From the Nature abstract:

  Researchers need a general method for detecting 
  hallucinations in LLMs that works even with new and unseen 
  questions to which humans might not know the answer. Here 
  we develop new methods grounded in statistics, proposing 
  entropy-based uncertainty estimators for LLMs to detect a 
  subset of hallucinations—confabulations—which are arbitrary 
  and incorrect generations.
Ultimately, no matter what content is generated, it is up to a person to provide the understanding component.
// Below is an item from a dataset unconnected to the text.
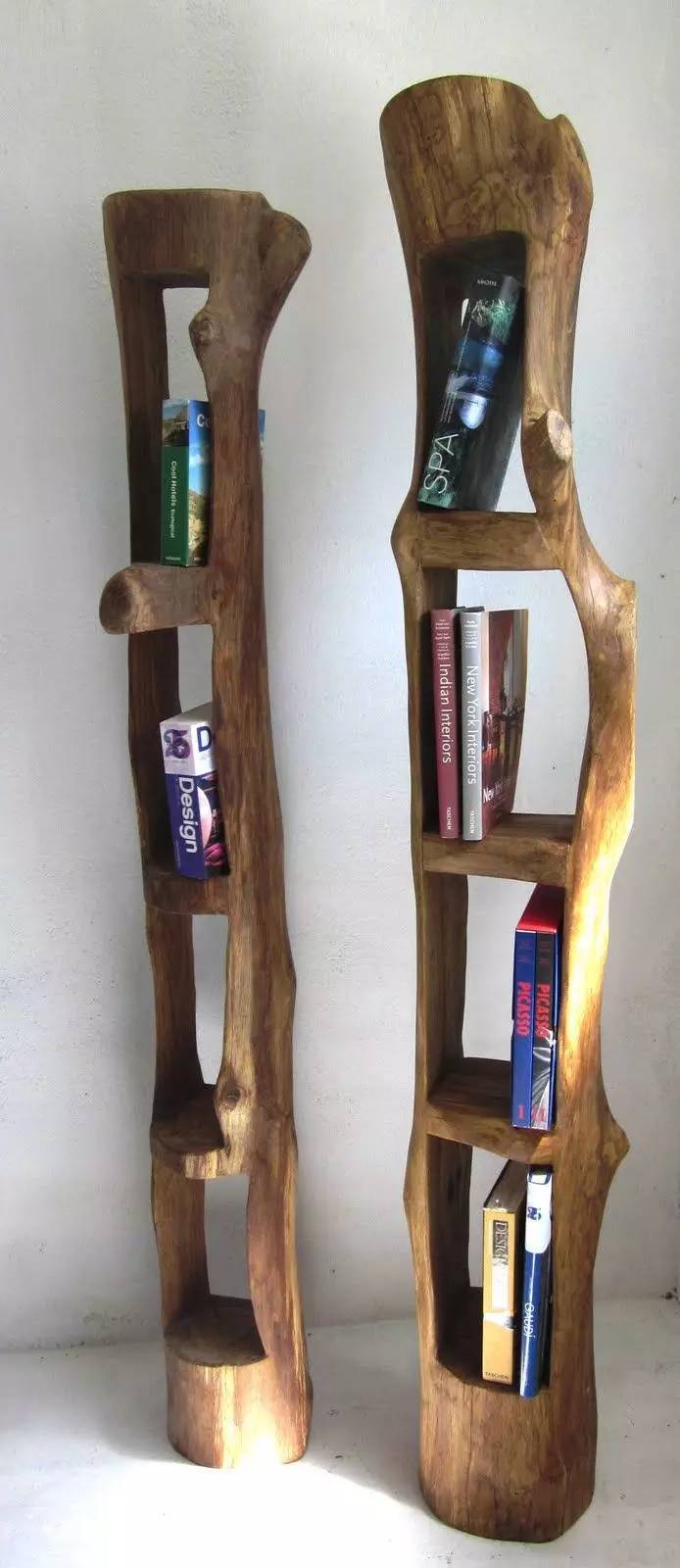 28-wood-home-decoration-ideas-homebnc-1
> So I don't think it's that they have no concept of correctness, they do, but it's not strong enough.

Again, "correctness" is a determination solely made by a person evaluating a result in the context of what the person accepts, not intrinsic to an algorithm itself. All an algorithm can do is attempt to produce results congruent with whatever constraints it is configured to satisfy.
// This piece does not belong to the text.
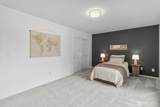 705 Finley Lane - Photo 25
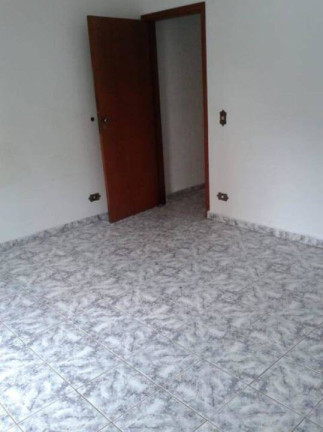 Imagem Sobrado com 3 Quartos à Venda, 125 m² em Jardim Montreal - São Bernardo Do Campo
We really need an idiom for the behavior of being technically correct but absolutely destroying the prospect of interesting conversation. With this framing we might as well go back to arguing over which rock our local river god has blessed with greater utility. I'm not actually entirely convinced humans are capable of understanding much when discussion desired is this low quality.

Critically, creation does not require intent nor understanding. Neither does recombination; neither reformulation. The only thing intent is necessary for is to create something meaningful to humans—handily taken care of via prompt and training material, just like with humans.

(If you can't tell, I thought we had bypassed the neuroticism over whether or not data counts as "understanding", whatever that means to people, on week 2 of LLMs)


> We really need an idiom for the behavior of being technically correct but absolutely destroying the prospect of interesting conversation.

While it is not an idiom, the applicable term is likely pedantry[0].

> I'm not actually entirely convinced humans are capable of understanding much when discussion desired is this low quality.

Ignoring the judgemental qualifier, consider your original post to which I replied:

  What we call "hallucinations" is far more similar to what
  we would call "inventiveness", "creativity", or
  "imagination" in humans ...
The term for this behavior is anthropomorphism[1] due to ascribing human behaviors/motivations to algorithmic constructs.

> Critically, creation does not require intent nor understanding. Neither does recombination; neither reformulation.

The same can be said for a random number generator and a permutation algorithm.

> (If you can't tell, I thought we had bypassed the neuroticism over whether or not data counts as "understanding", whatever that means to people, on week 2 of LLMs)

If you can't tell, I differentiate between humans and algorithms, no matter the cleverness observed of the latter, as only the former can possess "understanding."